Friday, April 23, 2010

What We Know Vs. What We Think We Know

A friend of mine recently left an abusive relationship. She can name it "abusive" now. Now that she can look back and really be honest about what was happening.
At the time, she was telling herself something completely different. That he was jealous because he loved her so much. That he demanded so much of her attention – even away from the children – because she was so incredible he just couldn't get enough. And blah blah blah.
It took her not only leaving him...something she insists she didn't plan so much as simply do...but spending the next six months poring over the relationship to figure out just where it went off the rails. She surprised herself the day she finally walked out the door. Now, a half year later, the only surprise for her is that she didn't leave a whole lot sooner.
It's incredible how large the gap can be between what we truly know and the story we tell ourselves.
It's a gap that might be created when we notice something that strikes us as odd, yet when we mention it to our family, we're told that it's not odd at all. Or we confide something that shames us...and are told we're liars. Or to just keep quiet.
For me, the gap was created when my parents – raging alcoholics when I was a child – would argue into the wee hours. The next day when I would mention it, they would respond blankly. Argue? No, we weren't arguing. I was told I had an "imagination". I was a "storyteller". And they would laugh.
I learned to not trust what I knew. And instead trust I thought I knew.
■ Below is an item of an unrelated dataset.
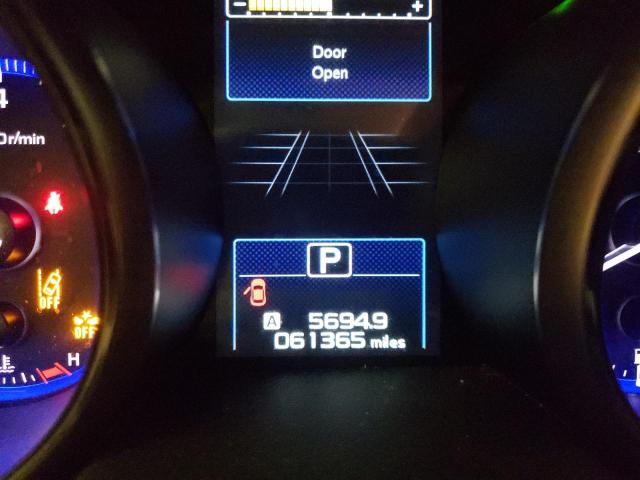 Photo 8 from auction – 2017 SUBARU OUTBACK 2. with VIN 4S4BSAFC9H3417780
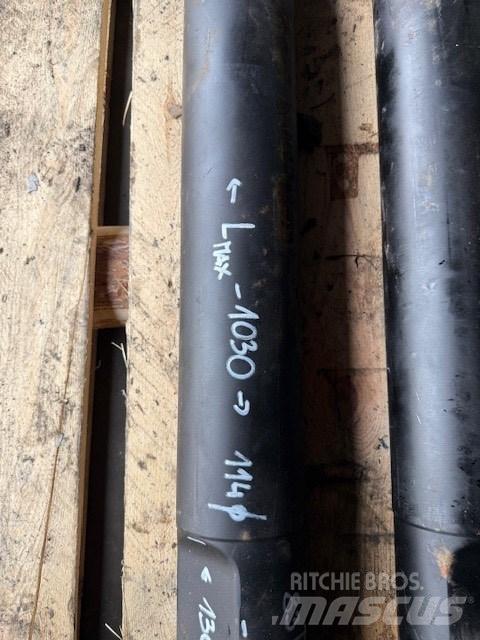 JCB DANDA D&A 115 MM Marteau hydraulique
Or what I was told I knew.
It happened again, of course, when I suspected my husband of having an affair. I mentioned it to a friend. "He'd never do that," she assured me.
I mentioned it to my husband, who scoffed at the notion.
Of course, I was crazy. He wouldn't do that. And not with her.
Except that he was. He did.
These days, I refuse to silence my inner wisdom. Instead, I try to shut out that voice that makes excuses. That looks on the bright side. That offers up rationale.
That voice of wisdom doesn't always tell me what I want to hear. Quite the contrary, it often opens my eyes to things I'd rather not see. Like where I'm letting myself down. Where I'm sacrificing myself for the sake of peace.
But it also promises me that I can trust it. And I know, I absolutely know that to be true.